若林奮 森のはずれ

武蔵野美術大学 美術館・図書館、202361日〜813

物故現代作家回顧展、自主企画単独開催

鑑賞日:61日(木)

 

私がいま立っているこの場。ここをなんと名付けたらいいのか。私と場の関係から、私の存在を問うことを求めてはいない。私は存在せず、他者のみが存在するのだから。私は他者にとって空間の一部でしかない。だからこそ私が立っている場を起点として、他者との距離を、空間を測らなければならない。
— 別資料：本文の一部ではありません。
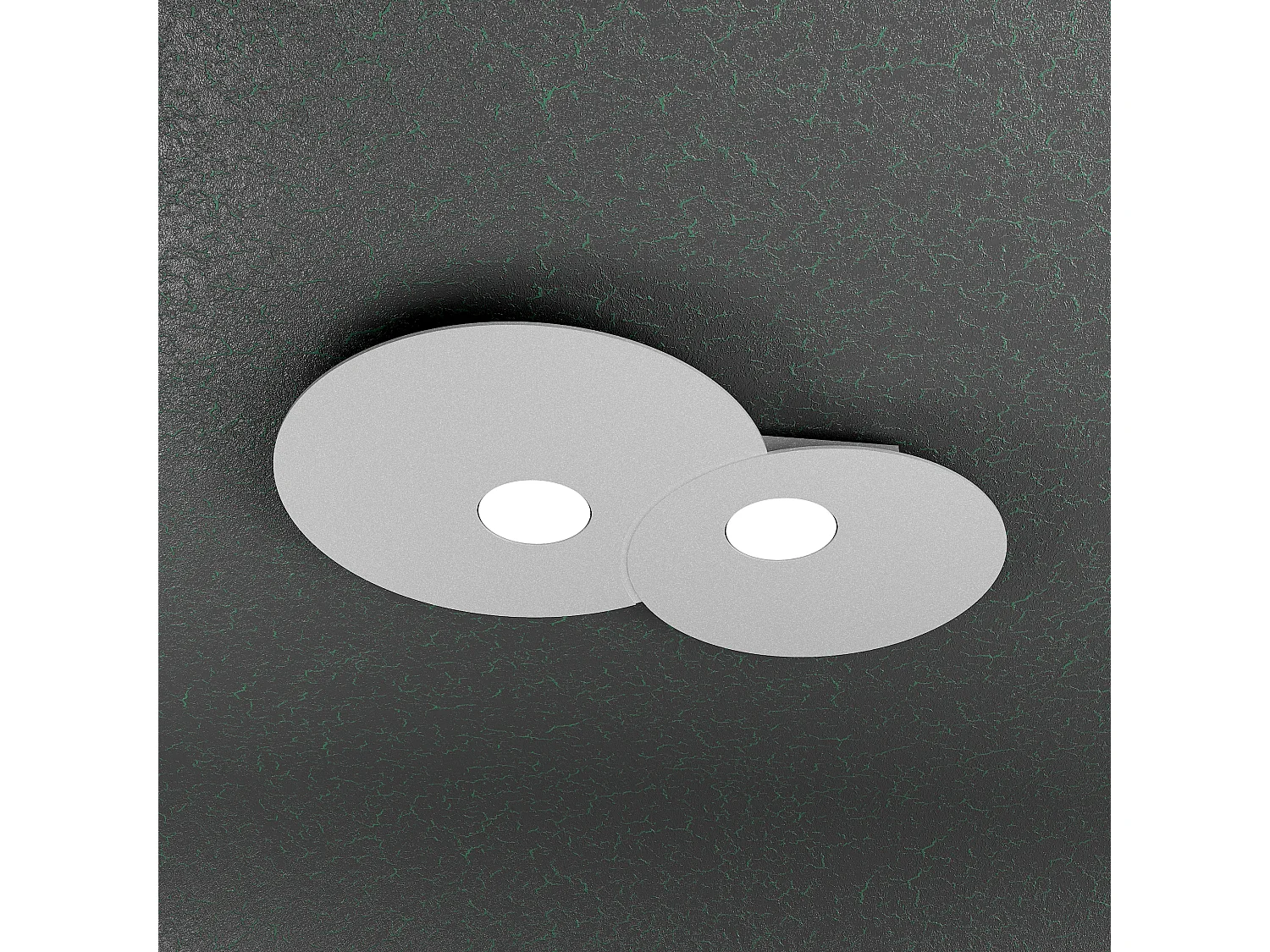 Plafonnier rond Toplight Cloud 2 lumières avec douille GX53, structure grise, design moderne 50x35x3cm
この場はすでに名前も歴史もあるが、いま問うているのはそれではない。この場所を私自身で名付けるために、この場を一度解体し、再構成をする必要がある。空間を規定している要素を分解し、別の要素に置き換える作業だ。そのようにして置き換えられた場は、有限の空間として成立しつつ、その外部への通路を持つことになる。場はあらかじめ開かれていることはなく、一度閉じることで通路を獲得する。この通路は私と他者のためにあり、だからこそ距離が生まれ、その距離を表すための装置が必要となる。その装置は他者の側にある。私の尺度ではない。私は存在していないのだから。そのために、私と他者との空間に、時間を挿入しよう。例えば植物のような、時間が見えにくいものを。